Le emozioni di una gara di trail running
Piccolo resoconto della mia UTLAC 30 2022
Sabato 4 giugno 2022 ho partecipato alla UltraK Trail, una gara di trail running di 70 km con 4.750 metri di dislivello nell’Appennino Tosco-Emiliano.
Non avevo mai corso per così tanti chilometri, con così tanto dislivello e per così tanto tempo.
Quasi 14 ore. La batteria del Garmin non ce l’ha fatta, io sì.
È stato praticamente un “viaggio”, su e giù per i monti e all’interno dei miei pensieri, che da una parte ha messo a dura prova muscoli e spirito, dall’altra, però, alla fine li ha rafforzati.
Alcune persone mi hanno chiesto
“Chi te lo fa fare?”
“Ma hai delle colpe da espiare?”
“C’è bisogno di correre così tanto?”
“Da cosa stai scappando?”
Non so rispondere a queste domande, ma voglio provare a raccontare cosa ho capito da questa esperienza di ultra trail, trascrivendo alcuni pensieri emersi durante il “viaggio”.
Mi serve sempre un obiettivo. Sfidante e lontano. Così posso mettermi alla prova e dare un senso agli allenamenti e ai sacrifici.
Non mi sento mai abbastanza preparato e all’altezza quando sono sulla linea di partenza. È una specie di timore reverenziale verso la sfida.
Il corpo è in grado di attingere ad energie che non sapevo nemmeno di avere, praticamente infinite. I nutrizionisti lo chiamano grasso.
Le salite, per quanto lunghe e faticose, una volta giunti in cima riservano sempre un piacere e una soddisfazione maggiori della sofferenza.
Il panorama in vetta ripaga di tutti gli sforzi, soprattutto se il sentiero corre lungo una cresta relativamente in piano e corribile: il cielo sembra più grande e la montagna più imponente.
Le discese sono più difficili delle salite: è più probabile cadere e farsi male, i muscoli bruciano e le articolazioni scricchiolano. Ma in discesa ci si diverte.
Ho sorriso ad ogni persona incontrata: dai volontari (che ho anche ringraziato) agli escursionisti che ho incrociato, dagli animali liberi nei prati agli spettatori all’arrivo. Ma in particolare ho sorriso ai fotografi perché la fatica passa, ma le foto restano.
Le crisi arrivano. Grazie a questa consapevolezza si possono affrontare e superare. E sempre grazie a questa consapevolezza a volte non arrivano proprio.
In 14 ore ho sofferto. Il caldo, il freddo, la sete, la fame, il vento, i crampi, le irritazioni, il sudore negli occhi. Grazie a questo si è alzata la mia “soglia del lamento” e ho capito che non ha senso lamentarsi dei disagi quotidiani.

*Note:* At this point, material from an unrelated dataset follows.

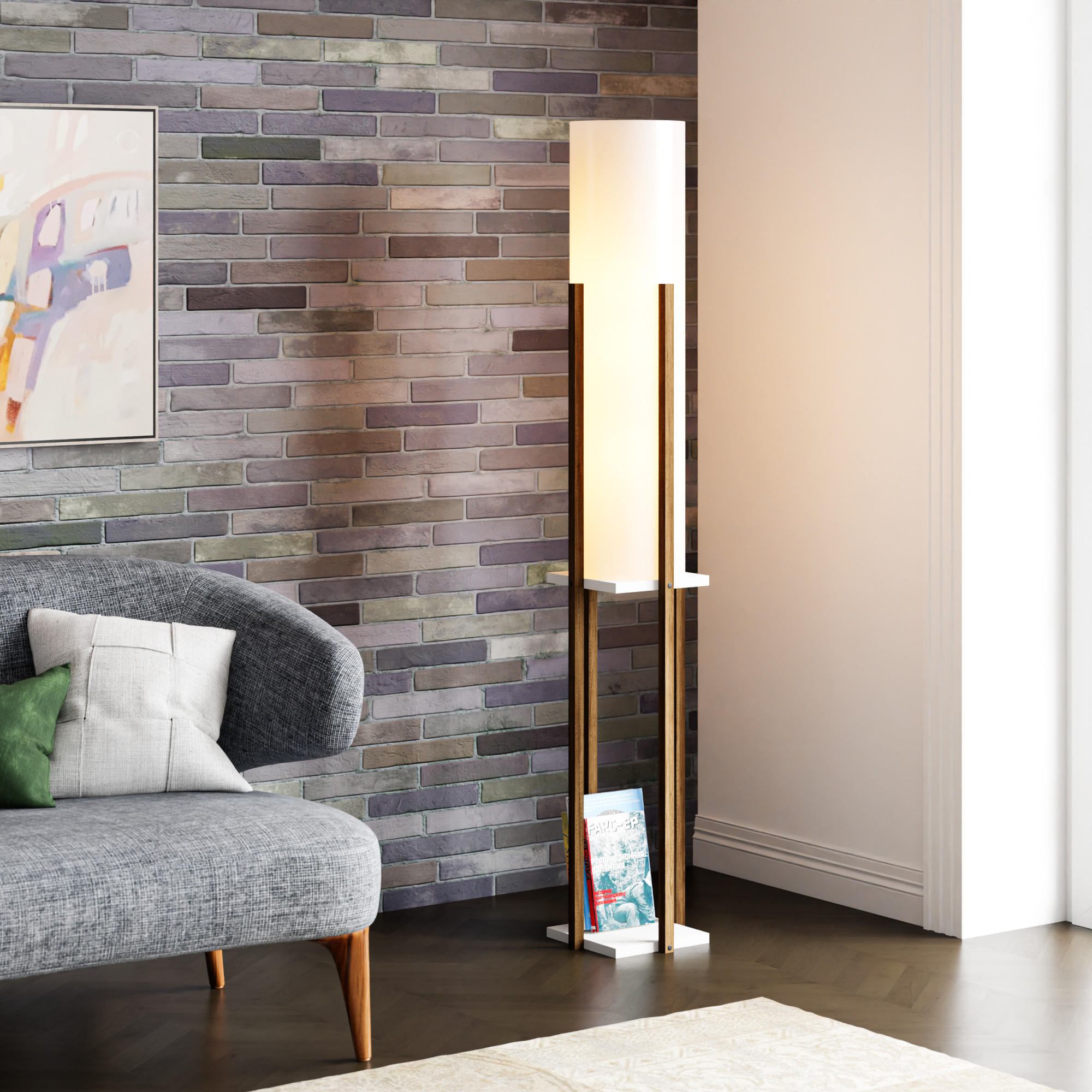 STEHLEUCHTE Gisborne - Walnussfarben, Holzwerkstoff (25/25/146cm) - lux.pro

Quel che faccio viene visto e giudicato: dare un buon esempio è una responsabilità che sento profondamente.
Ho corso per le ultime 4 ore da solo, immerso nella natura e nella fatica, ma nei miei pensieri sono venuti a trovarmi tante persone che conosco e a ciascuno ho dedicato un pezzo del percorso.
Poter correre liberamente è un “lusso”: mi sono ripromesso di onorare sempre la corsa e ringraziare per potermelo permettere.
Terminata un’impresa mi serve un nuovo obiettivo, una nuova sfida, sempre con me stesso. “L’asticella si può sempre alzare”. Anche se so che così, però, non si finirà mai.
La mia vita è sempre stata mossa dalle passioni. E Jovanotti che canta “La bella vita… con la passione che rende amica la sofferenza” ha riassunto il perfetto significato di quello che faccio.
115 partecipanti. Abbiamo tagliato il traguardo in 70.
Sono arrivato 34° assoluto, 30° uomo in 13:53:47
Ho bevuto circa 4 litri di liquidi tra acqua, sali e coca. Più un altro litro e mezzo dopo l’arrivo.
Per la prima volta non ho avuto male ai muscoli delle gambe la settimana dopo la gara.